• **Data to process**:
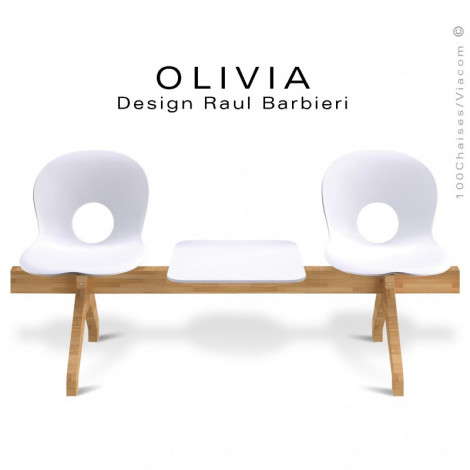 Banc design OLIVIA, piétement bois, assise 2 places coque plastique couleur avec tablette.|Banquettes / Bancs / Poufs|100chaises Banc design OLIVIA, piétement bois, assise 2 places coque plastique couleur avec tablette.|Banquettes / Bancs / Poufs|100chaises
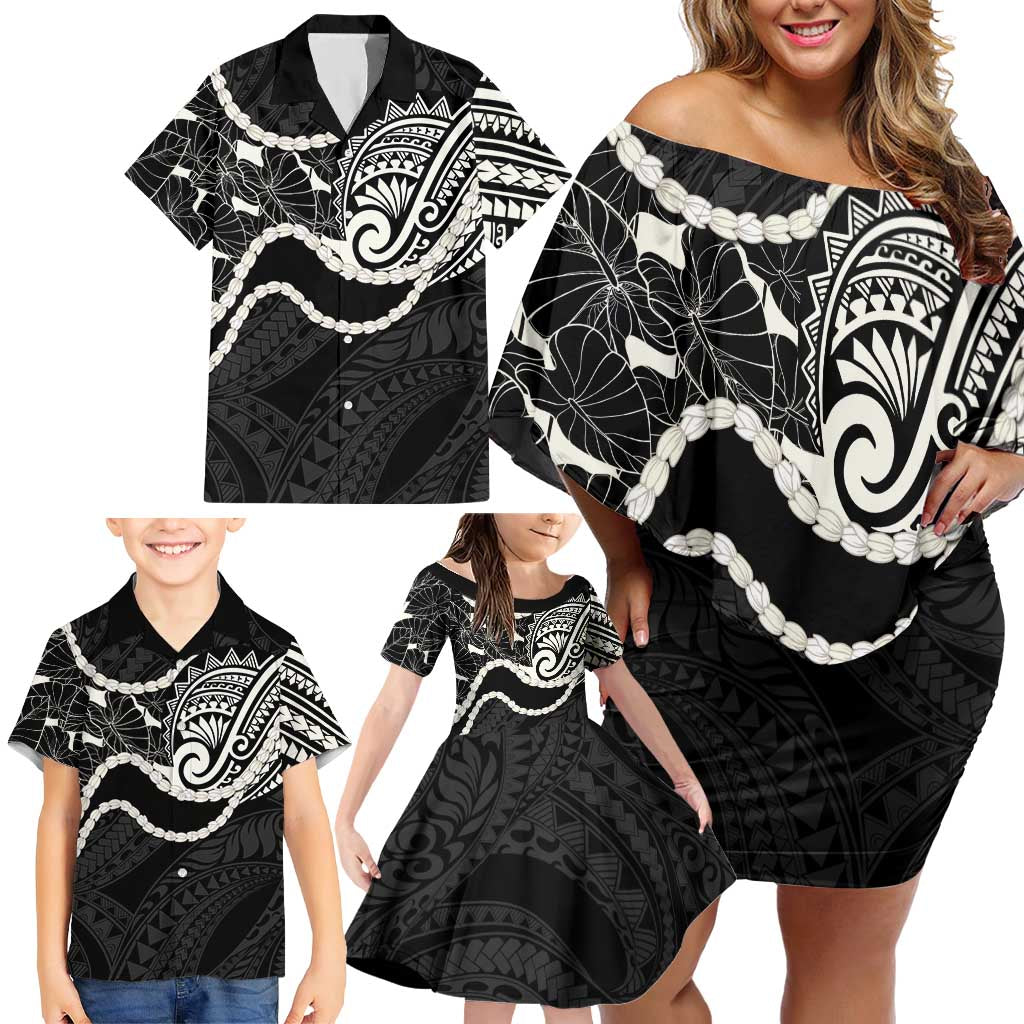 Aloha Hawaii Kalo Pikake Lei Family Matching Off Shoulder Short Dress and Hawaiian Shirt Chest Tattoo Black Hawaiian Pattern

---

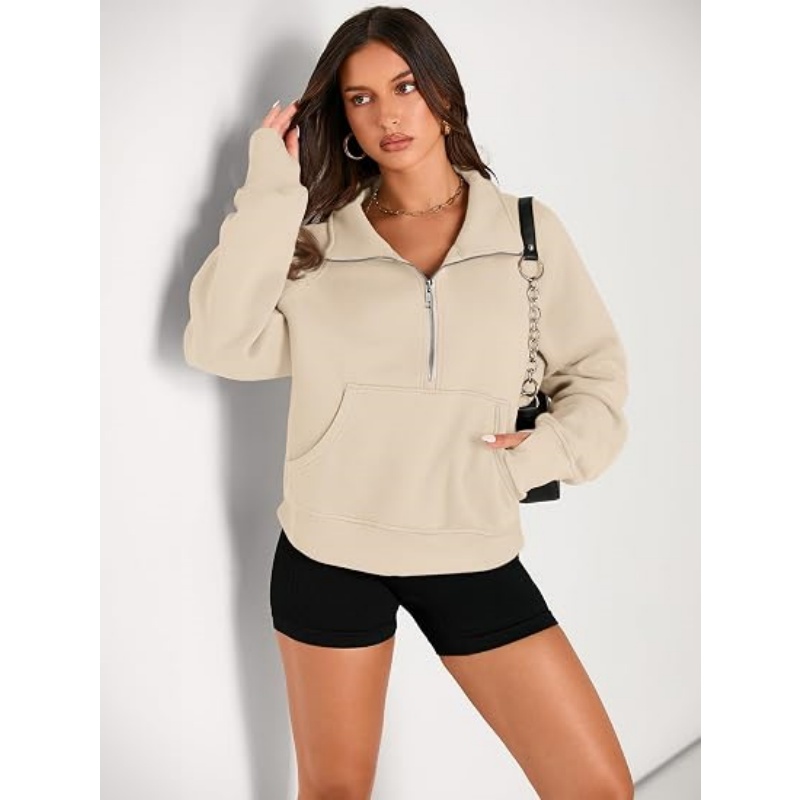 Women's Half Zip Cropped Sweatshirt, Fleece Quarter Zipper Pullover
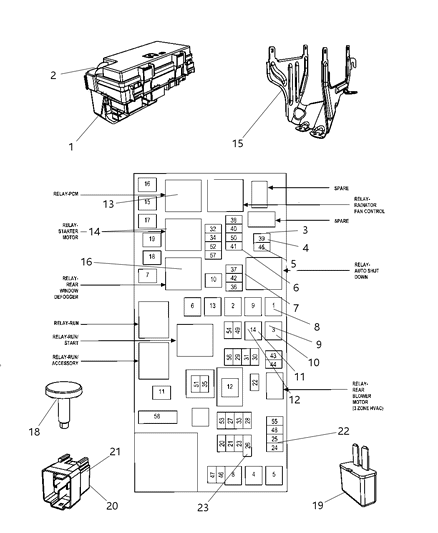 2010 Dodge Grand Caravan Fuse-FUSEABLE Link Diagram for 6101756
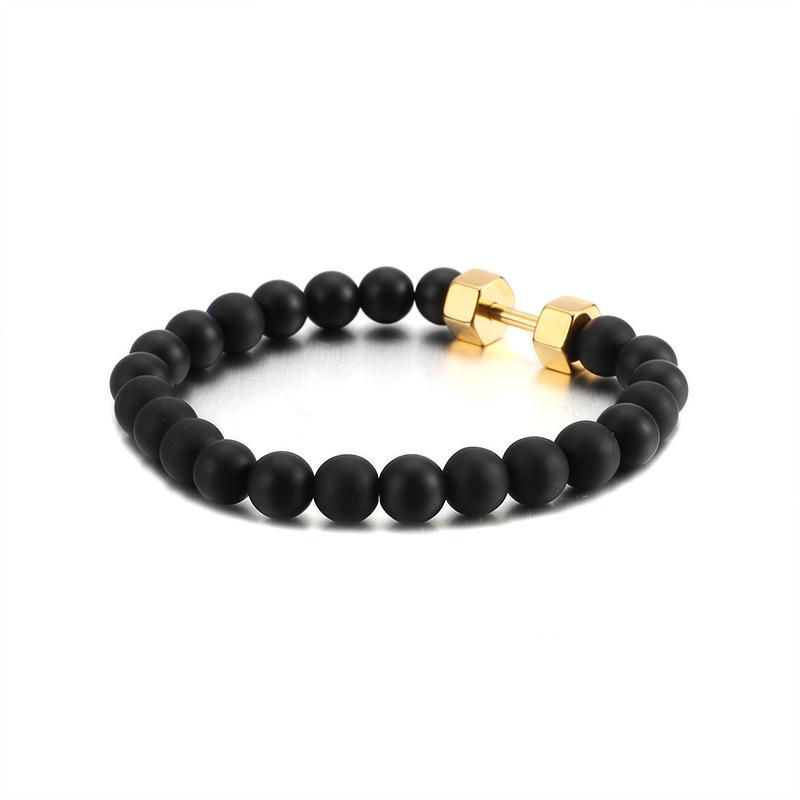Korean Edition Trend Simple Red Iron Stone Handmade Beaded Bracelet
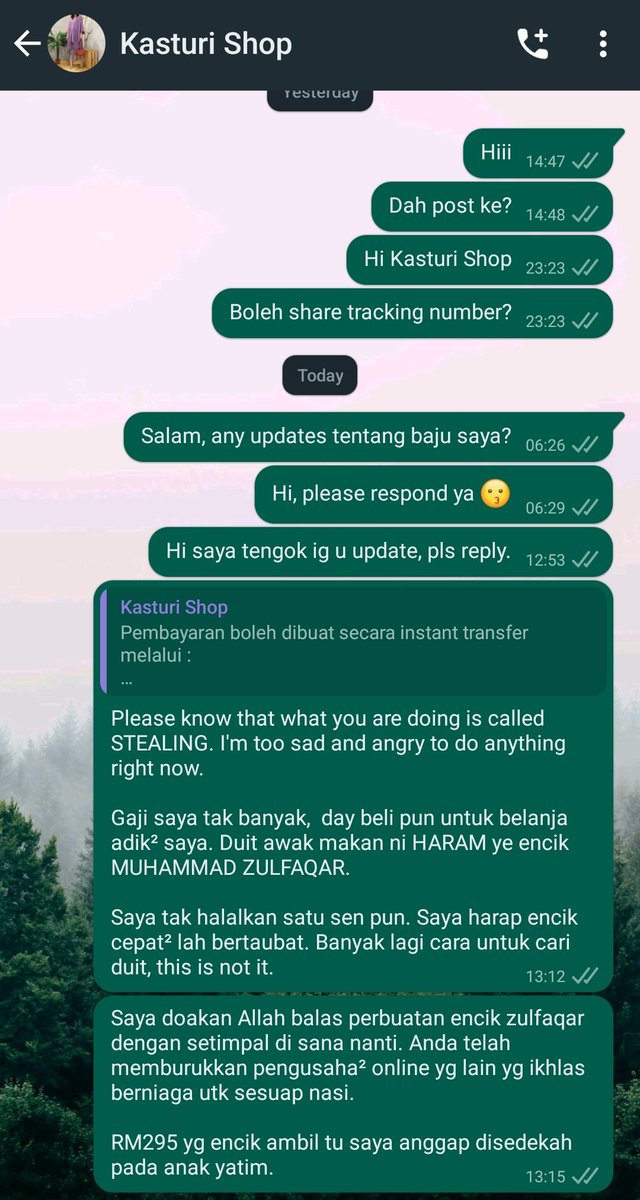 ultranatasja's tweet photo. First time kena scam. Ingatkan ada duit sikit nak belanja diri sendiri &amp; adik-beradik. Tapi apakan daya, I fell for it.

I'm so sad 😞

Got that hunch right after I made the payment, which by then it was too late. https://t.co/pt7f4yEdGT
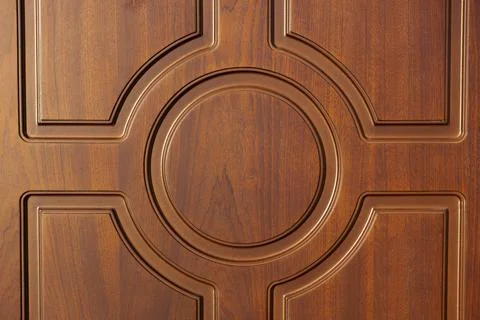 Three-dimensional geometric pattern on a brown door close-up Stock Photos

• **Your task**: From the records above, write out exactly the lines that begin at the line with "ultranatasja's tweet photo." and end at the line with "Three-dimensional geometric pattern". Pictures must not appear in the output.

• **Solution**:
 ultranatasja's tweet photo. First time kena scam. Ingatkan ada duit sikit nak belanja diri sendiri &amp; adik-beradik. Tapi apakan daya, I fell for it.

I'm so sad 😞

Got that hunch right after I made the payment, which by then it was too late. https://t.co/pt7f4yEdGT
 Three-dimensional geometric pattern on a brown door close-up Stock Photos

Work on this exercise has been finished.